In this truly formidably impressive work the global chaos caused by 5 years of war, the likes of which had never been seen before, is laid out for all to see and the echoes of this great conflict are followed through as they impacted countries as diverse as Japan and Ukraine. Despite its world spanning reach and its 15 year timeline the detail presented between these 500+ pages is awe inspiring. It is by no means an easy read but the effort is amply rewarded and then some. Not only does the author clearly explain exactly the damage – political, economic and in a real sense moral – caused by the war but he also (again very clearly) shows how this often unresolved and unaddressed damage significantly facilitated an even greater disaster a mere two decades later. The author rightly points out that although World War Two was not the inevitable result of its predecessor the fact that systemic problems in the world system after 1918 were not addressed – even when known about and warned about – meant that any realistic options for peace were increasingly closed off between then and 1939. This is an important work and a must read for anyone who wants to understand exactly how we got here. I can think of much worse places to start if you’re willing to put the time and brain effort into it. Highly recommended. 

3 comments:

mudpuddle said...

impressive

Judy Krueger said...

Yes, I have been trying to understand all this for a good part of my adult life. Self determinism has proved to be a very hard row to how, for individuals as well as nations. It seems this period was like adolescence for the world.

CyberKitten said...

@ Mudpuudle: It's a *very* impressive book. Looking forward to reading his book on the financial crash of 2008.

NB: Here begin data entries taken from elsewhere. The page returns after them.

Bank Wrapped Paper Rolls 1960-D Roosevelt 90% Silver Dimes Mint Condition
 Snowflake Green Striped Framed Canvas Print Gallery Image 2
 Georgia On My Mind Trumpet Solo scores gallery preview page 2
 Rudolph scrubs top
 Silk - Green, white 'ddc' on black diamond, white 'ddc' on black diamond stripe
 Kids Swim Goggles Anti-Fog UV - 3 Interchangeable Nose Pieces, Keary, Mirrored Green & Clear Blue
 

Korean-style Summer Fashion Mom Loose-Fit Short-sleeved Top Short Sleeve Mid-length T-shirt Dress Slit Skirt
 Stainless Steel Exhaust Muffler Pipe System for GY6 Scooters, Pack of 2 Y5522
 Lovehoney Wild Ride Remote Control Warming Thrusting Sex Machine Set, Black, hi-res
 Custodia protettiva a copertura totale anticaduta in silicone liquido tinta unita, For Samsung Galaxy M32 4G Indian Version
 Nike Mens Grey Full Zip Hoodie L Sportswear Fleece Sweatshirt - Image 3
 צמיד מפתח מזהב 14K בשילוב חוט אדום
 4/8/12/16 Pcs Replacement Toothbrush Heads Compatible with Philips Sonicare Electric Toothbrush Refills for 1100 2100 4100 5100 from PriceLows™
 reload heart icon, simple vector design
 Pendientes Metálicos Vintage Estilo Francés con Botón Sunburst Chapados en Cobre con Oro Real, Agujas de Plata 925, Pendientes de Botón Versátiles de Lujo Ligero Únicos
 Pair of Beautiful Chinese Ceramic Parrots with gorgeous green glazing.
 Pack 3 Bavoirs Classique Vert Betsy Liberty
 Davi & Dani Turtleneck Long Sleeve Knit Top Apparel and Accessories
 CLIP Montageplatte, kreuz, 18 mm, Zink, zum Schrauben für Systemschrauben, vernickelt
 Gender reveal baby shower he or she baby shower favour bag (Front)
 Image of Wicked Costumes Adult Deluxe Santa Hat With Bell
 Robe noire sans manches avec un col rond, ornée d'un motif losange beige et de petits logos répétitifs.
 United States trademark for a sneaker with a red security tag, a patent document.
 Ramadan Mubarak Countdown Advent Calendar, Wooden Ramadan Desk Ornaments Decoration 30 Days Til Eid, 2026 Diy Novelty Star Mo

@ Judy: I do like your comment about adolescence - that makes so much sense! *Everything* changed after 1918. From then on we were really moving fully into the Modern Age. Personally I date modernity from 1912 after Titanic and the loss of Victorian/Edwardian confidence in man's ability to conquer nature. That was when the rot set in I think. WW1 was the nail in the coffin to the belief of European domination and destiny.